Seven years in prison is the price a former Village of New Concord fiscal officer will pay after authorities say she quietly siphoned more than $475,000 out of village coffers over roughly 11 years.
Lynn Marlatt, who once controlled the small village’s checkbook, was sentenced Monday in Muskingum County Common Pleas Court after entering a guilty plea in December. Prosecutors said her long-running theft drained municipal accounts and forced village leaders to scramble just to keep basic services afloat. Restitution was also ordered as part of the sentence.
According to the Zanesville Times Recorder, the sentencing capped a months-long investigation that kicked off when a local bank spotted suspicious activity and raised the alarm. The paper reports Marlatt was fired in 2023 after village officials dug into a dormant account, found discrepancies, and launched an internal inquiry that quickly grew into a criminal case.
How investigators say the scheme unfolded
In a press release, the Ohio Auditor of State’s Special Investigations Unit said auditors traced a trail of unauthorized checks, debit card withdrawals, and altered vendor invoices and village checks back to Marlatt. Investigators concluded the money covered her personal debts and other private expenses, not village business.
The Auditor’s office said the Special Investigations Unit opened its probe after the bank first alerted village leaders, and that those findings ultimately formed the backbone of the indictment and Marlatt’s guilty plea, according to the Ohio Auditor of State.

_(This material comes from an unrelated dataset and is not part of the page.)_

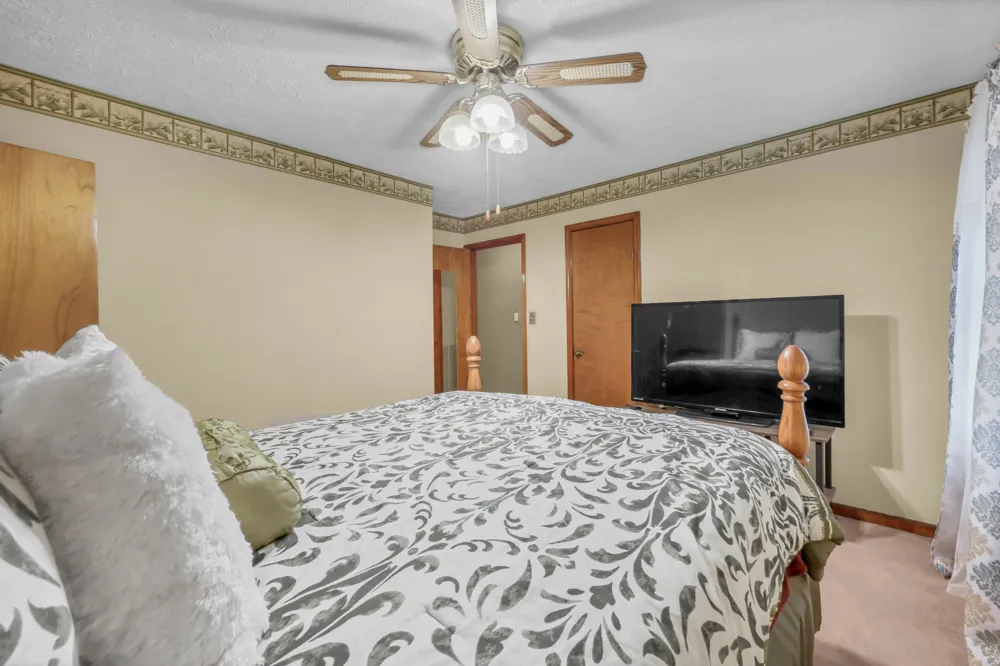 118 S Campbell St Hopkinsville, KY 42240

Village left picking up the pieces
The Zanesville Times Recorder reports village officials told investigators the theft strained budgets across departments and “potentially endangered” services for roughly 13,000 taxpayers and community members. For a village its size, that kind of hit is no rounding error.

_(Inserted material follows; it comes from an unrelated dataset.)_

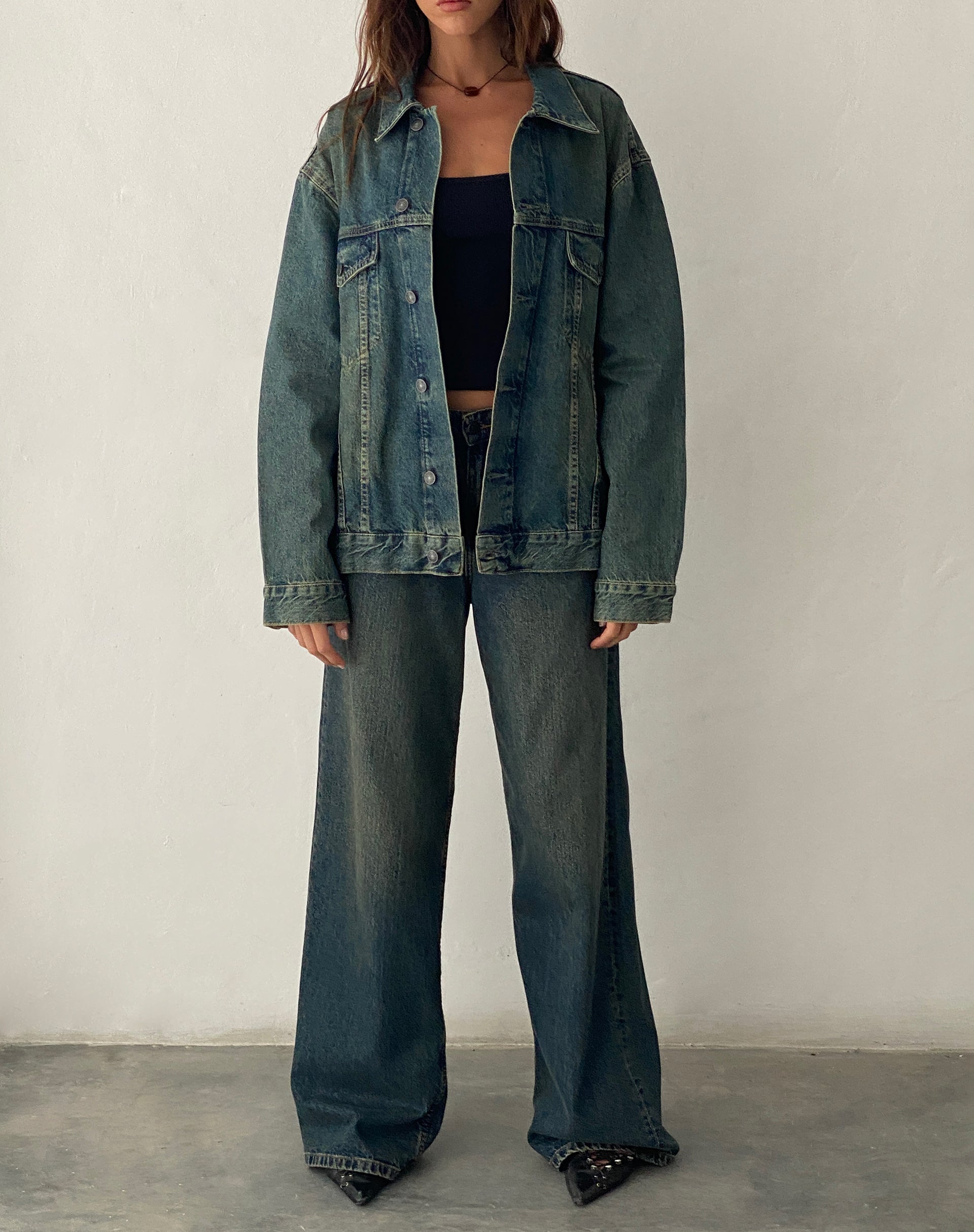 immagine della giacca di jeans oversize in marrone blu acido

According to the paper, officials say they are rechecking financial procedures, pursuing restitution, and weighing tighter internal controls to keep any future fiscal funny business from slipping through the cracks. Residents told the outlet the case has highlighted how vulnerable small governments can be when oversight softens or key duties end up in too few hands.
Charges and sentence details
According to the Ohio Auditor of State, Marlatt pleaded guilty to theft in office, telecommunications fraud, and tampering with records, including two second-degree felonies and one third-degree felony.
WHIZ reported that as part of the plea, Marlatt agreed to repay more than $475,000 to the village and roughly $16,000 to the Auditor’s office, and that sentencing took place in Muskingum County. The judge imposed the seven-year prison term at Monday’s hearing.
The Auditor’s office has pointed to the case as part of the Special Investigations Unit’s broader effort to spot and recover public losses. New Concord leaders say they plan to keep working with state auditors to shore up internal controls and claw back what they can. For the village, officials say the prison term closes a painful chapter, but the long, slow work of financial recovery is only just getting started.